Workshops will be held on November 9 and 10, 2019 at the Hilton Hotel, Austin.
Below is the schedule of workshops being held at this year’s CSCW. We have eight workshops on Saturday and eight on Sunday. Please follow the workshop organizers’ instructions on their websites for how to submit and participate in the workshop.
Workshop participants are required to register for their workshops (and pay the corresponding fee per workshop) via the conference registration site. The CSCW 2019 Organizing Committee cannot exempt or defray these registration fees for organizers or participants. Workshop registrations can be added at any time to existing conference registrations, including on the day of the workshop. There is a registration option for attendees who are only participating in a workshop but not the main conference.
W1. Qualitative Methods for CSCW: Challenges and Opportunities
Abstract: Qualitative methods have long been an important component of CSCW research.
However, it can be challenging to make qualitative work legible to a broader set of researchers, which is critical as mixed methods research becomes more common.
Moreover, the shift towards larger scales of data and increasing calls for open data and more transparency pose new questions for qualitative methods
in terms of data collection, analysis, reporting, and sharing. This workshop brings together researchers to discuss these challenges as well as new
opportunities for qualitative methods, with goals to help build norms and best practices for (1) conducting qualitative research,
(2) reporting that research, and (3) engaging and collaborating with CSCW researchers from other methodological traditions.
W2. Better supporting workers in ML workplaces
Abstract: This workshop is aimed at bringing together a multidisciplinary group to discuss
Machine Learning and its application in the workplace as a practical, everyday work matter. It’s our hope this is a
step toward helping us design better technology and user experiences to support the accomplishment of that work,
while paying attention to workplace context. Despite advancement and investment in ML business applications,
understanding workers in these work contexts have received little attention. As this category experiences dramatic growth,
it’s important to better understand the role that workers play, both individually and collaboratively,
in a workplace where the output of prediction and machine learning is becoming pervasive.
There is a closing window of opportunity to investigate this topic as it proceeds toward ubiquity.
CSCW and HCI offer concepts, tools and methodologies to better understand and build for this future.
W3. Ubiquitous Privacy: Research and Design for Mobile and IoT Platforms
Abstract: This one-day workshop aims to explore ubiquitous privacy research and
design in the context of mobile and IoT by facilitating discourse among scholars from the networked privacy
and design communities. The complexity in modern socio-technical systems points to the potential of utilizing
various design techniques (e.g., speculative design, design fiction, and research through design practices)
in surfacing the potential consequences of novel technologies, particularly those that traditional user studies
may not reveal.
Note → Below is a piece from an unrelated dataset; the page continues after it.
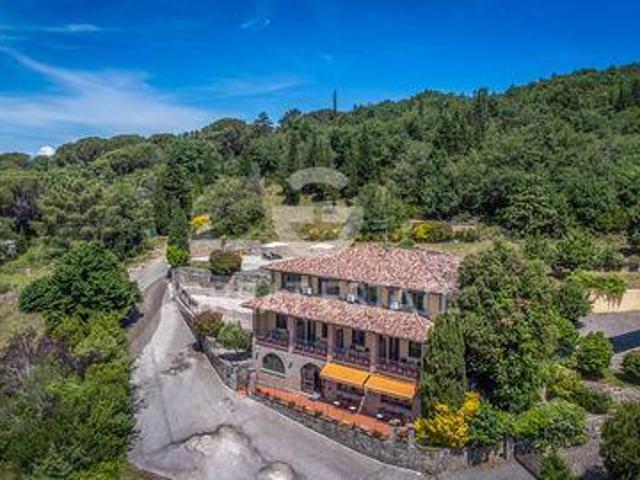 Villa Tuoro sul Trasimeno Perugia DS103327378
The results will shed light in future privacy designs for mobile and IoT technologies from both empirical and design perspectives.
W4. Life Transitions and Social Technologies: Research and Design for Times of Life Change
Abstract: When people experience major changes in their lives (
e.g., relationship changes, transition from high school to college, realizing an LGBTQ identity,
life stage changes such as transitioning to old age, etc.), they often turn to social technologies
to help navigate shifting identities and networks and find support and resources. People’s experiences
using social technologies during times of life transition, and how to better design such technologies,
has been a major focus of social computing research. This workshop will gather researchers working in
this space to discuss eight themes: life events vs. processes; changing identities; multiple overlapping
life events; physical and digital transitions; technology non-use during life transitions; liminality
framework; theoretical frames; and methodological considerations. Collaboratively, we will 1) synergize
insights from workshop organizers’ and participants’ research to determine how social technologies can
be designed to better support people during life transitions and 2) outline an agenda for the future of
social computing work focused on life transitions.
W5. The Future of Work(places)
Abstract: While the shift to on-demand labor may foster greater
control over one’s employment in some ways, it has removed much of the benefits
that come with consistently working in shared physical spaces. Working in physical
spaces allow opportunities for social support, long-term growth, and stability.
The goal of this workshop is to facilitate a discussion around how physical spaces
and online technologies influence each other in on-demand work. We plan to invite a
diverse group of stakeholders, including researchers studying these topics, grassroots
organizers who can represent and voice the concerns of their respective worker communities,
and designers of on-demand work platforms. Discussion and ideas generated from this workshop
will be archived online and made available to the larger research community and the general public.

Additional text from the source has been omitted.